As most of us were blithely welcoming the new year of 2020, word was just starting to get out in medical and scientific circles. A virus that had never been seen before in humans was making an alarming number of people in Wuhan, China, desperately ill with pneumonia.
Soon the worst was confirmed: the new virus was exceptionally virulent and contagious, spreading quickly within China, then to other countries. Nowhere was safe.
Within weeks, the genome of the SARS-CoV-2 virus, which causes COVID‑19, had been sequenced and shared online, launching an unprecedented worldwide co-operative effort among scientists, public health officials and health-care workers, all focused on stopping the virus’s deadly progress.
At the U of A’s Li Ka Shing Institute of Virology, researchers were paying attention. They had been preparing for this moment.
Ready to pivot
The Li Ka Shing Institute was formed in 2010, bringing together top researchers to tackle the world’s deadliest scourges: infectious diseases like hepatitis, human immunodeficiency virus, Ebola and coronaviruses. They knew the next one could be the big one — a pandemic that would bring the world to a halt.
But they had never seen anything quite so vicious as COVID‑19.
When virologist Michael Houghton first heard about COVID‑19, he thought it might be like the SARS epidemic of 2003. “You know, SARS was a major problem but it went away quite quickly,” he says. “Of course, I and everyone else soon realized this is much worse than SARS.” [UPDATE: In October 2020, Houghton was awarded the Nobel Prize in Physiology or Medicine. .]
Which is why, once the genome was public, Houghton and many others at the Li Ka Shing Institute jumped straight to work brainstorming new ideas and re-examining old ones, pivoting to focus their expertise and laboratories on the novel coronavirus. Over the course of a weekend, federal officials reviewed research proposals — record time in the world of scientific funding — and in early March, five U of A projects received federal dollars and the green light. Before the end of the month, through the rapid response COVID-19 fund in a partnership between the Canadian Institutes of Health Research and ºÚÁϲ»´òìÈ Innovates — the highest number of funded projects at a Canadian institution. Philanthropists saw the need, too: soon after the pandemic began, one anonymous donor stepped forward with a $100,000 investment in promising COVID‑19 research across the university.
Across faculties and disciplines, researchers and others have responded, ready to apply their expertise in any way they can.
Among them are some of the world’s foremost experts, who are hunting for three important weapons against COVID‑19: tests, treatment and, of course, the Holy Grail — a targeted vaccine.
Quest for a vaccine
Here is the traditional approach to making a vaccine. First, grow the virus in a cell culture. Next, purify it, then chemically inactivate it and, finally, inoculate people. Those people will now produce antibodies that, when exposed to the active virus, help shut down any potential infection and prevent disease. The downside? This approach requires a very large biohazard manufacturing facility, which we don’t have in Canada.
Another common method involves weakening the virus before inoculation. This is the type of vaccine given routinely to Canadian children to prevent diseases such as measles, mumps and chicken pox. But it can take a long time to develop a safe version — a big risk when there is no approved treatment for COVID‑19.
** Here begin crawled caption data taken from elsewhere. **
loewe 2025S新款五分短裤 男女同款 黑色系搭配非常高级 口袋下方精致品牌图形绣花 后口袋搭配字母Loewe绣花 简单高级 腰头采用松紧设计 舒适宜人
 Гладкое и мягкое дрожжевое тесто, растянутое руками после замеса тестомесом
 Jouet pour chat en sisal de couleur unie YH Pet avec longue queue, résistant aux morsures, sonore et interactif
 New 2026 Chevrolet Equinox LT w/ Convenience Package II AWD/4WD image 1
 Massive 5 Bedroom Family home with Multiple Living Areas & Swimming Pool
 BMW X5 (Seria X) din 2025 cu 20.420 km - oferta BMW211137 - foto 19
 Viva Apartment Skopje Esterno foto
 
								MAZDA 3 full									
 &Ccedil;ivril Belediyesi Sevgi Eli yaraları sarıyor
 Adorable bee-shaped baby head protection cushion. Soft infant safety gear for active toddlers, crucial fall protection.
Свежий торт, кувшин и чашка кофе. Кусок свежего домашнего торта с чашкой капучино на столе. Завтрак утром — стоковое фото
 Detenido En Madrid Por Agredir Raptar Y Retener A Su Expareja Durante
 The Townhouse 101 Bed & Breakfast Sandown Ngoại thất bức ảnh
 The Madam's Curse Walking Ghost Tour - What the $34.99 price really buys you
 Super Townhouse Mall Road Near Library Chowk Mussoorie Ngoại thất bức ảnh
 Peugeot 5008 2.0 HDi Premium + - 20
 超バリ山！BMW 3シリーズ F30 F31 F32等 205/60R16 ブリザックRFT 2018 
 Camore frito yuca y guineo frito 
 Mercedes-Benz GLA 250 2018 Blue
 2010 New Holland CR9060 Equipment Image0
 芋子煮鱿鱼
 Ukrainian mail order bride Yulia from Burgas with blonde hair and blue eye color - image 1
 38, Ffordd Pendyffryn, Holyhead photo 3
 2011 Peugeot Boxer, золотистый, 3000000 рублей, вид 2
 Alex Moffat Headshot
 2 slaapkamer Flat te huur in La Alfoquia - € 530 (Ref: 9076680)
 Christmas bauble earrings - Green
And time is something we don’t have.
That’s why many of the COVID‑19 vaccine projects underway around the world are taking new tacks to produce effective antibodies. Some will isolate and inject a nucleic acid (DNA or RNA) from the virus in order to trick the body into mounting an immune response even though the whole virus isn’t present. Others will use a harmless, defective “vector virus” that acts as a delivery vehicle for the surface spike protein of the coronavirus — again tricking the body into creating antibodies against just part of the virus.
Houghton is taking his own approach, which his many years of experience tell him is the best way to produce viral antibodies. And he knows a thing or two about infectious diseases. He is the co‑discoverer of the hepatitis C virus. In collaboration with Lorne Tyrrell, ’64 BSc, ’68 MD, founding director of the Li Ka Shing Institute, Houghton developed a hepatitis C vaccine that is headed for clinical trials next year.